* Records for the task:
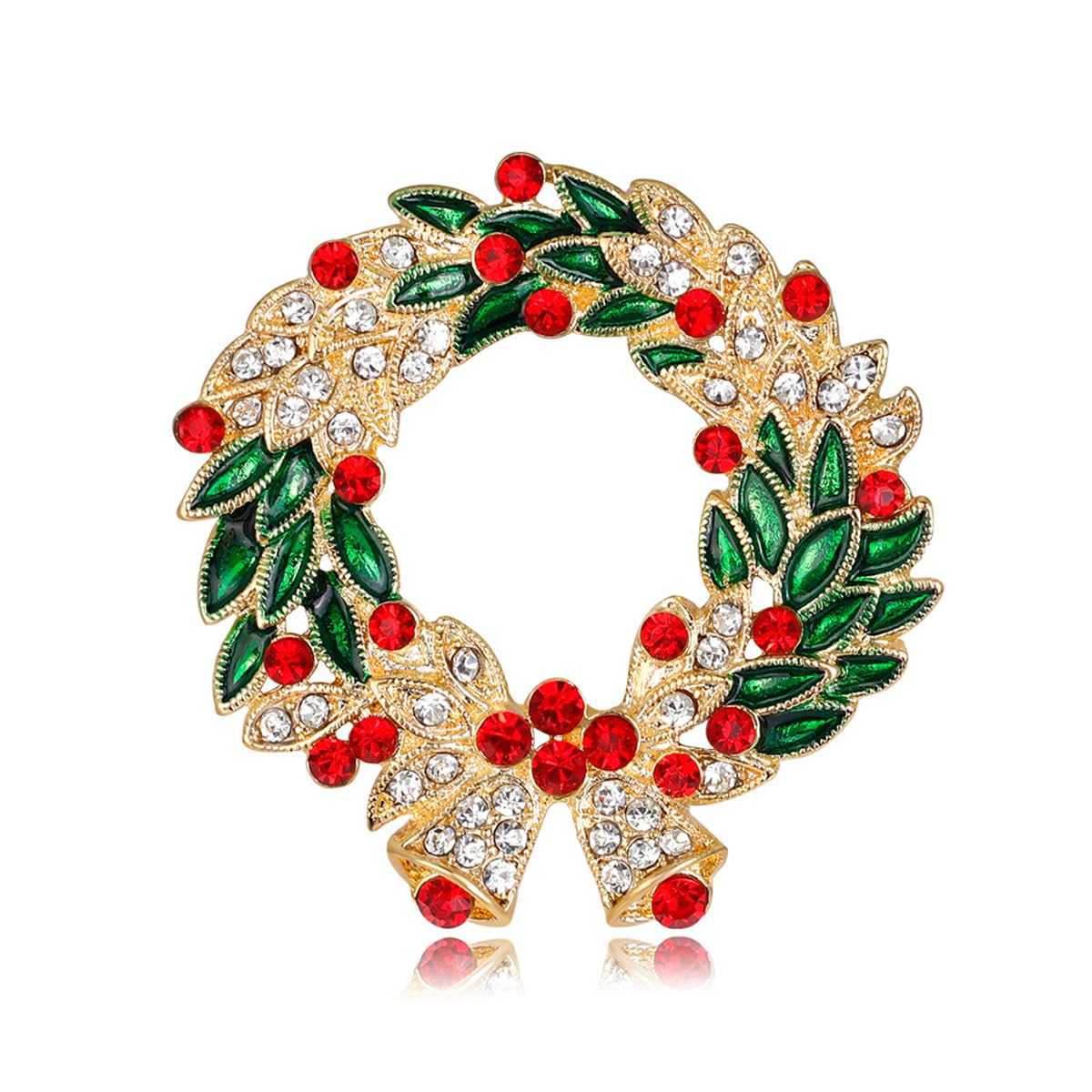 HASTHIP® Christmas Brooch for Women Men Inlaided Rhinestone Shining, Christmas Bell Brooch, Alloy Brooch for Coat Dress Gown Shawl Sweather, Christmas Gift
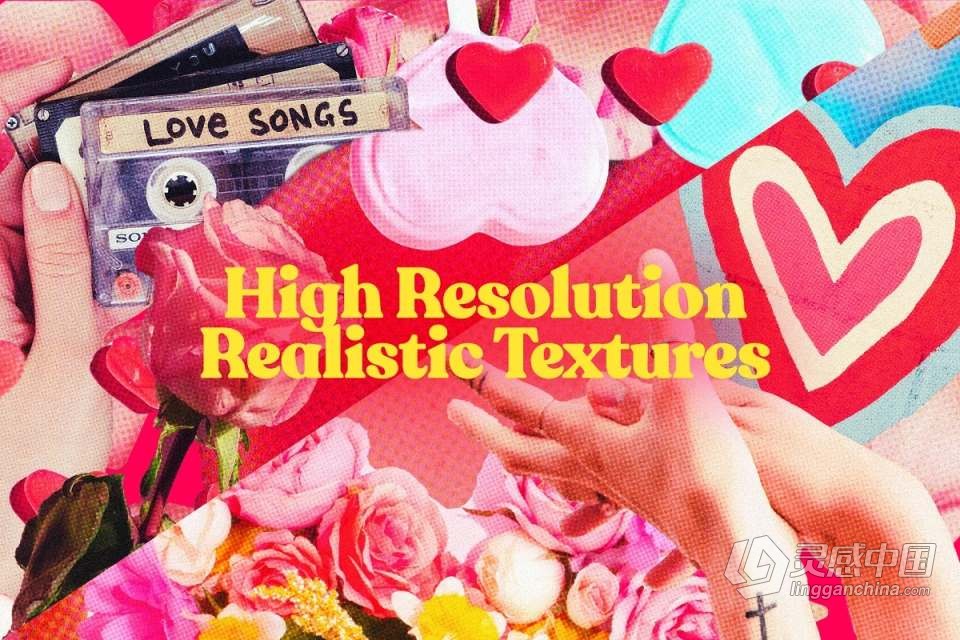 47张复古怀旧纹理情人节爱情婚礼元素剪贴画PNG图片素材 Studio 2am – Lover’s Scrapbook：Valentines Cuts  灵感中国网 www.lingganchina.com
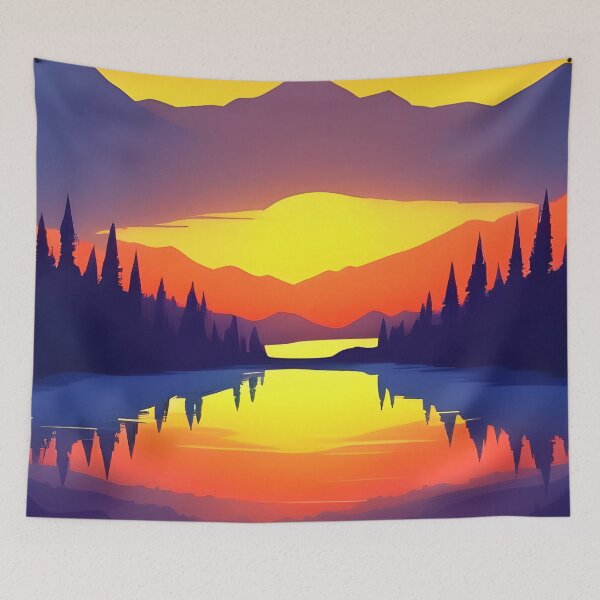 Item preview, Add a Touch of Beauty and Tranquility to Your Life with Our Stunning Minimalist Landscape Sunrise Water View Prints designed and sold by supeart.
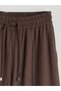 Brown Wide Leg Women's Trousers with Elastic Waist - 6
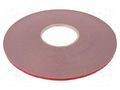 Tape: fixing; W: 6mm; L: 33m; Thk: 1.1mm; acrylic; grey; max.230°C 3M 3M-110-6-33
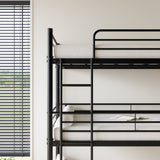 Triple Twin Bunk Beds, Twin Over Twin Over Twin Metal Bunk Bed Platform Frame, Two Attached Ladders, W840P209935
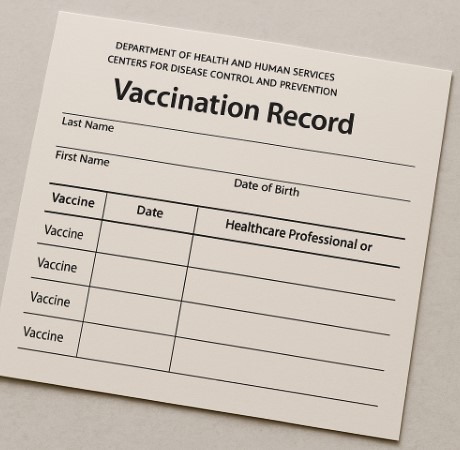 예방접종 기록표 사진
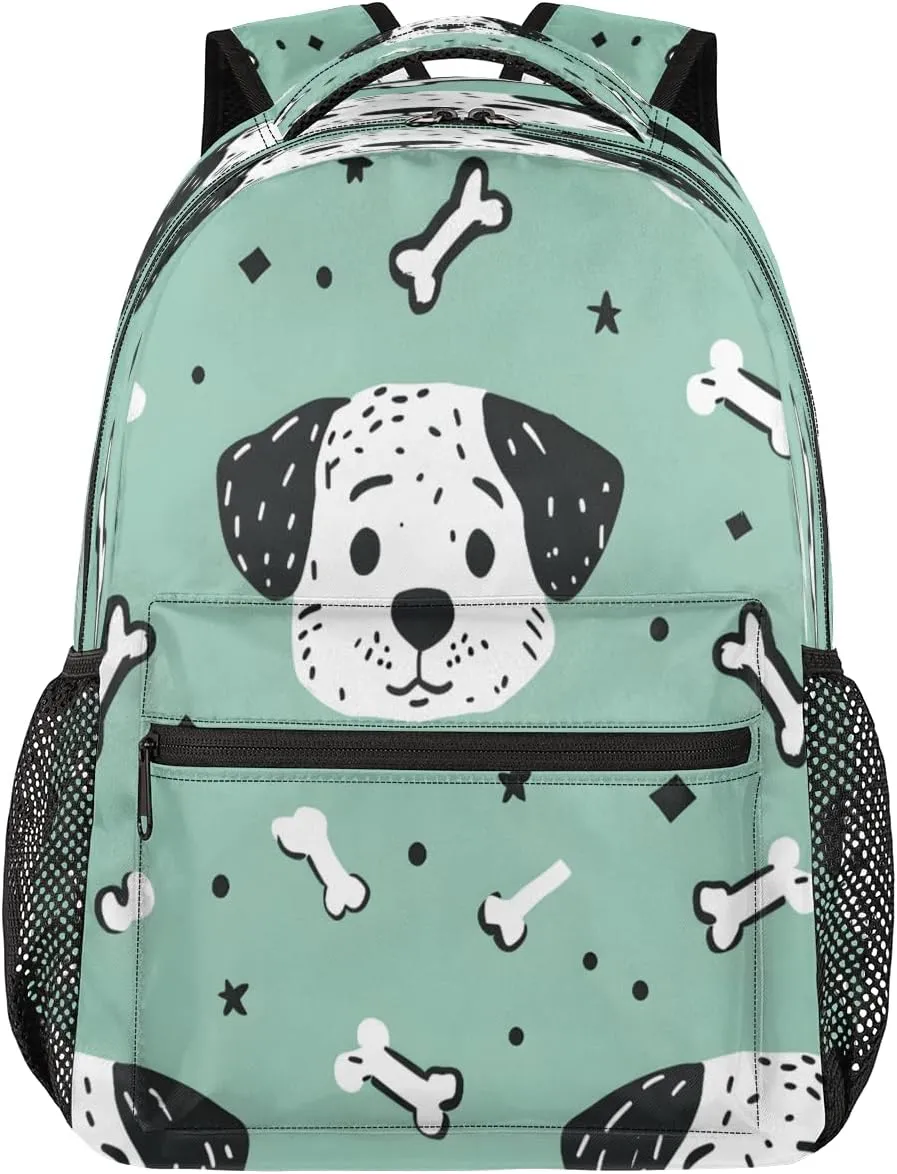 Backpack for Women Men, Waterproof Dog Casual Back Pack, Lightweight Paw Print Bones Daypack Bag for Travel Camping Work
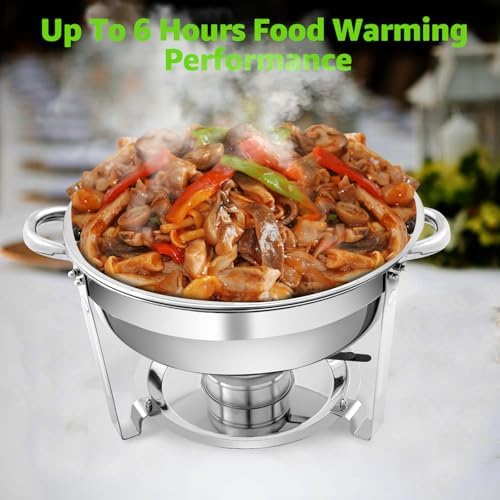 5 QT Chafing Dishes 4 PACK, Premium Stainless Steel Complete Set, alternate view 4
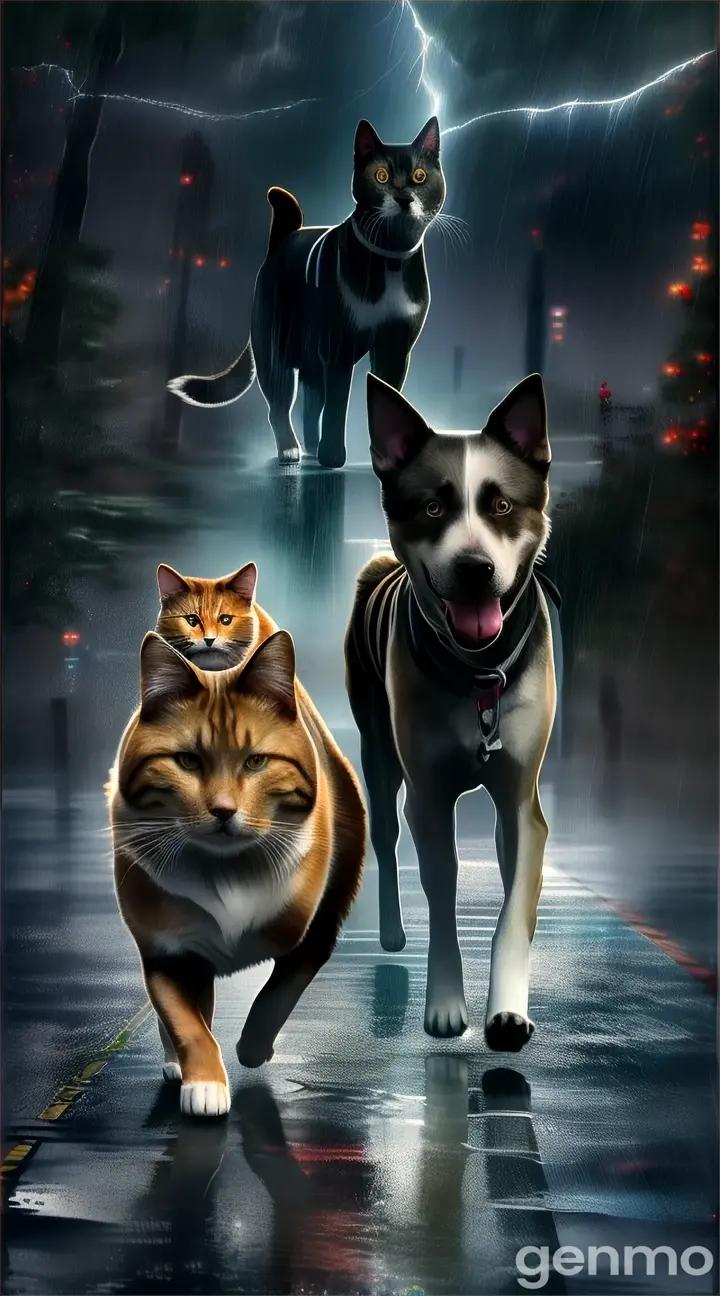a dog and a cat walking in the rain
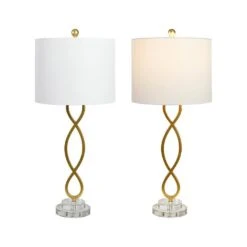 30.5 In. Gold Modern Buffet Dimmable Crystal Bedroom Living Room Bedside Desk Nightstand Tall Table Lamps (Set Of 2) -Lamp Parts maxax lamp sets t10 gd 44 1000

* Task to carry out: Copy exactly the lines of the listing above between the one holding "Item preview, Add" and the one holding "Brown Wide Leg", inclusive; omit all pictures.

* Finished task:
 Item preview, Add a Touch of Beauty and Tranquility to Your Life with Our Stunning Minimalist Landscape Sunrise Water View Prints designed and sold by supeart.
 Brown Wide Leg Women's Trousers with Elastic Waist - 6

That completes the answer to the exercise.